- [Dataset excerpts]
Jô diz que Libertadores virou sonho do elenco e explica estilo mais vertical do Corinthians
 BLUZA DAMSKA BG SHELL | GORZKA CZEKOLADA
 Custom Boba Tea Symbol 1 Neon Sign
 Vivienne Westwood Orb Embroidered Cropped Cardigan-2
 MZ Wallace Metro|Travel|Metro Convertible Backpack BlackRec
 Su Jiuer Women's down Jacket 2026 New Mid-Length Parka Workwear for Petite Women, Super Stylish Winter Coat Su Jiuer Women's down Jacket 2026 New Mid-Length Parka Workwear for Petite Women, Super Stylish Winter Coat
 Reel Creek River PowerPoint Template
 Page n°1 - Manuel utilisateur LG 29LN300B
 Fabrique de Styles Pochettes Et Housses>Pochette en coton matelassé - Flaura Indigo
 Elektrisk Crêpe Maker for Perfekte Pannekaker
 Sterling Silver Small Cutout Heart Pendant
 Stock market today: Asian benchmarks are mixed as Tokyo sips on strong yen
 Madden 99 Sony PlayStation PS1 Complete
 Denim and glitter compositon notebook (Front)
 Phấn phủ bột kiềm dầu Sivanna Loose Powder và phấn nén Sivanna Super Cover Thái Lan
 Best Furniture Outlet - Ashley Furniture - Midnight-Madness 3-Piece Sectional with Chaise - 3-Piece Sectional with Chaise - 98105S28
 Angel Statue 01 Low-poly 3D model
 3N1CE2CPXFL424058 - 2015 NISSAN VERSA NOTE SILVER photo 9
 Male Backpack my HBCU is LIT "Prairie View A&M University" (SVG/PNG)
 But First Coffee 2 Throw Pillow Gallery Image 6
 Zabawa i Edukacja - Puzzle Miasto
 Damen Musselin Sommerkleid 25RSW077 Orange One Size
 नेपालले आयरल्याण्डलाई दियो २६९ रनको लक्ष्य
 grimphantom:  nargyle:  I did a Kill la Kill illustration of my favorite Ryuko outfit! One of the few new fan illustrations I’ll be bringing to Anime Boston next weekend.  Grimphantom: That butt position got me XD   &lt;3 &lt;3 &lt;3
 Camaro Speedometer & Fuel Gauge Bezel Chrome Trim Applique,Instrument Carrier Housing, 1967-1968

- [Problem] The range runs from the line with "Denim and glitter" up to and including the line with "3N1CE2CPXFL424058 - 2015" in the listing above; please write out exactly those lines and nothing more.

- [Response]
 Denim and glitter compositon notebook (Front)
 Phấn phủ bột kiềm dầu Sivanna Loose Powder và phấn nén Sivanna Super Cover Thái Lan
 Best Furniture Outlet - Ashley Furniture - Midnight-Madness 3-Piece Sectional with Chaise - 3-Piece Sectional with Chaise - 98105S28
 Angel Statue 01 Low-poly 3D model
 3N1CE2CPXFL424058 - 2015 NISSAN VERSA NOTE SILVER photo 9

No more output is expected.